NRevisit: A Cognitive Behavioral Metric for Code Understandability Assessment
Gao Hao, Haytham Hijazi, Júlio Medeiros, João Durães, Chan Tong Lam, Paulo de Carvalho, Henrique Madeira
TL;DR
This work addresses the gap between static code complexity metrics and the real-time cognitive effort developers experience when understanding code. It introduces NRevisit, a dynamic metric derived from gaze revisits across invisible code regions, with two variants: $C$ NRevisit and $CL$ NRevisit. In a controlled study with 35 programmers and EEG ground truth, NRevisit shows very high correlations with cognitive load ($r_s$ up to $0.986$) and outperforms static metrics in predictive models, especially in non-linear frameworks like neural networks and Gaussian process regression. The findings suggest practical, low-cost integration into IDEs and AI-assisted programming tools, enabling programmer-specific, real-time assessments of code understandability and targeted interventions for cognitively demanding regions.
Abstract
Measuring code understandability is both highly relevant and exceptionally challenging. This paper proposes a dynamic code understandability assessment method, which estimates a personalized code understandability score from the perspective of the specific programmer handling the code. The method consists of dynamically dividing the code unit under development or review in code regions (invisible to the programmer) and using the number of revisits (NRevisit) to each region as the primary feature for estimating the code understandability score.

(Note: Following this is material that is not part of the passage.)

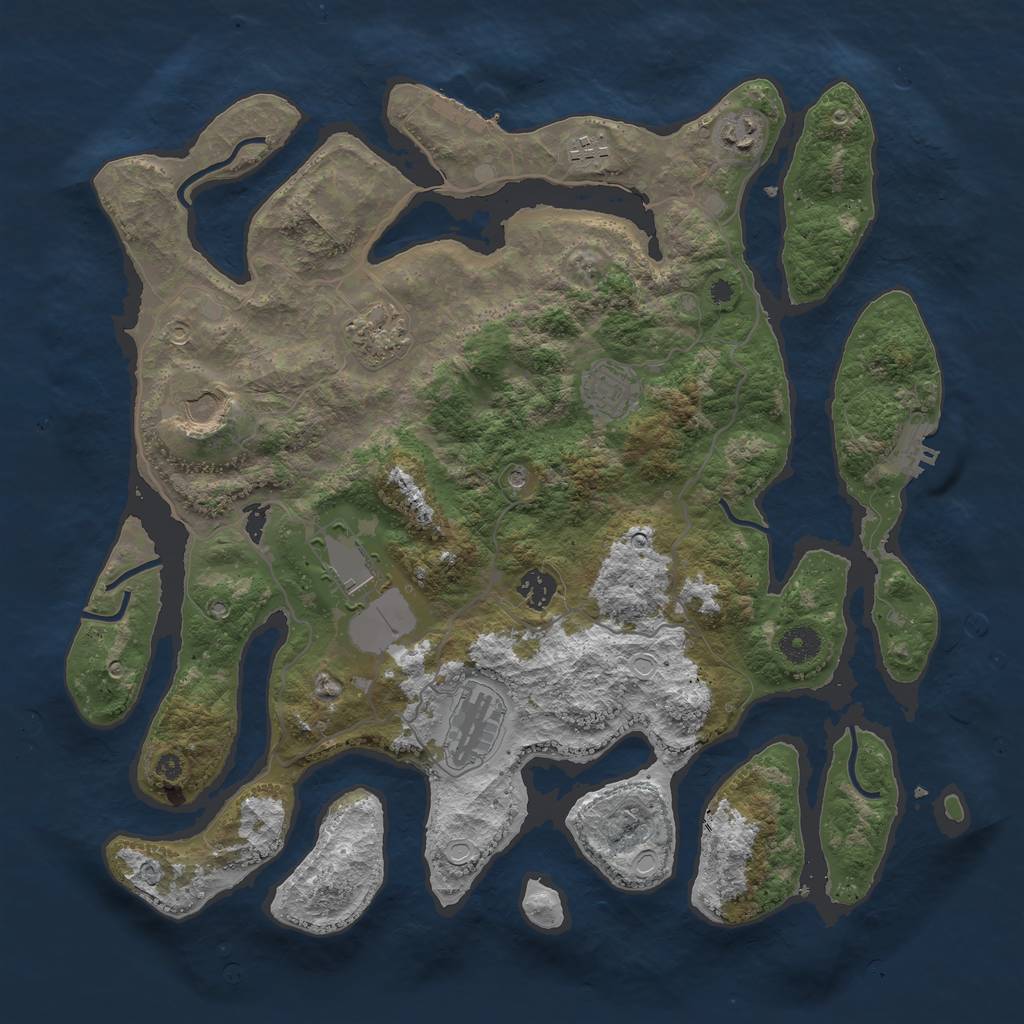 Rust Map: Procedural Map, Size: 4000, Seed: 9001, 19 Monuments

This approach removes the uncertainty related to the concept of a "typical programmer" assumed by static software code complexity metrics and can be easily implemented using a simple, low-cost, and non-intrusive desktop eye tracker or even a standard computer camera. This metric was evaluated using cognitive load measured through electroencephalography (EEG) in a controlled experiment with 35 programmers. Results show a very high correlation ranging from rs = 0.9067 to rs = 0.9860 (with p nearly 0) between the scores obtained with different alternatives of NRevisit and the ground truth represented by the EEG measurements of programmers' cognitive load, demonstrating the effectiveness of our approach in reflecting the cognitive effort required for code comprehension. The paper also discusses possible practical applications of NRevisit, including its use in the context of AI-generated code, which is already widely used today.